Talk of a legislative initiative to impose an excise tax on cars or vehicles supposedly to solve the traffic situation is worrisome for the consequences of inequality and futility that will be its real effect.
Excise taxes will not prevent or stop the haves from buying a car. They have the money, they want the car, they will pay the tax. Meanwhile, the ordinary souls struggling in the lower income brackets who have saved for years for a car or need a car due to public transport difficulty, will be left frustrated for having the excise tax unexpectedly factored into their quest for a car. The whole exercise will be a clear chasm between the haves and have-nots. One more to add to the current number that this society so unfortunately is noted for.
Since public transportation infrastructure is what is needed, perhaps this is where new taxes may be justified if they are spent thoughtfully, usefully and directly and with timely results.
In the matter of the traffic mess which came about from lack of foresight, no planning and the poor handling of public transportation facilities, many shortcuts and quick solutions are proposed, such as granting emergency powers to be able to force gated subdivisions to have their roads used. Since they are compact or less-than-sprawling, just imagine traffic getting in and out of them only to end up on the same road one has been trying to avoid. In fact, just creating more jams as the ingress and the egress in these gated communities will not be able to accommodate the density of vehicles so as to create new gridlocks.
I think we are into quick fixes that never bring lasting good results. The Emergency Powers fixation is one. The few times they were put in place they invariably violated human rights or lowered standards of civility and politeness. Remember the suspension of the writ of Habeas Corpus and Martial Law? In the more recent past, the emergency powers to get us out of the power crisis of 1987 made us bear a heavy cost in funding and an eventual number of white elephants (the power barges). Thoughtful and carefully studied legislation, implemented in the correct way, as well as precisely tailored executive orders can handle most pressing problems rather than going the way of Emergency Powers. So, best to be more creative and more constitutional, more democratic and fairer. And less obsessed with quick fixes.
In the police and judicial branches, the helter-skelter filing of charges for what may very well be real crimes that have to be paid for results in no convictions because of the lack of study, failure to gather incontrovertible evidence, precipitate presentation of dubious witnesses that either have their own axes to grind or cover-ups to make. The whole scenario turns out to be a useless exercise because of the drive to get quick solutions or terminations.
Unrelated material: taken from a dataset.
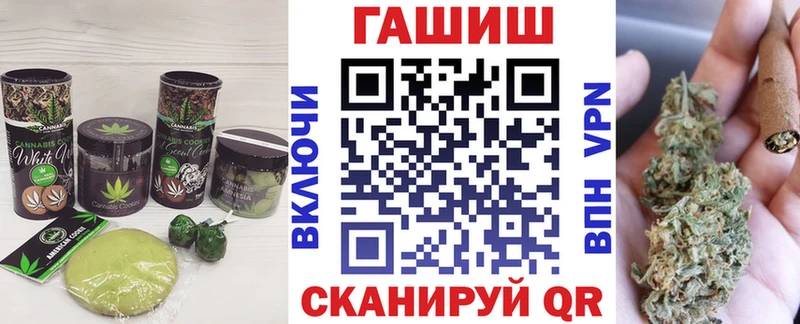 shop формула  Сибай  Еда ТГК марихуана 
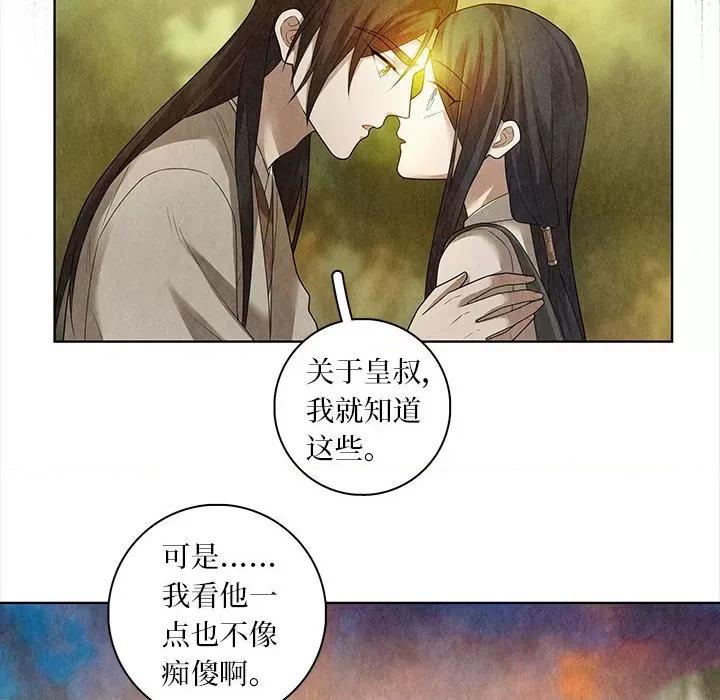 龙俦纪 龙俦纪-第 80 话 第18页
But it is in the legislative sector that the most quick fixes are attempted and which invariably fail. Laws so hurriedly put together, with not enough research or feedback from those who would be affected, result in loopholes or outright errors. This can be true, too, of executive orders done on the fly or for a whim or under pressure to solve a problem.
Back to the proposed excise tax on cars and vehicles, it will not ease the pressure of traffic. When there is a need, there is a way. Cars and vehicles will still be bought in large numbers when public transportation is nil or unattractive or too difficult. Think of all those struggling, desperate jobseekers who pay recruiters, legal or illegal, unconscionable amounts of money to get a job. Somehow they come up with the money. In the case of cars, it may be a Herculean effort for some and just mad money for others but they will pay and the cars will be on the road.
(Correction to last week’s column: Iran is 1.6 million plus square kilometers, not meters.)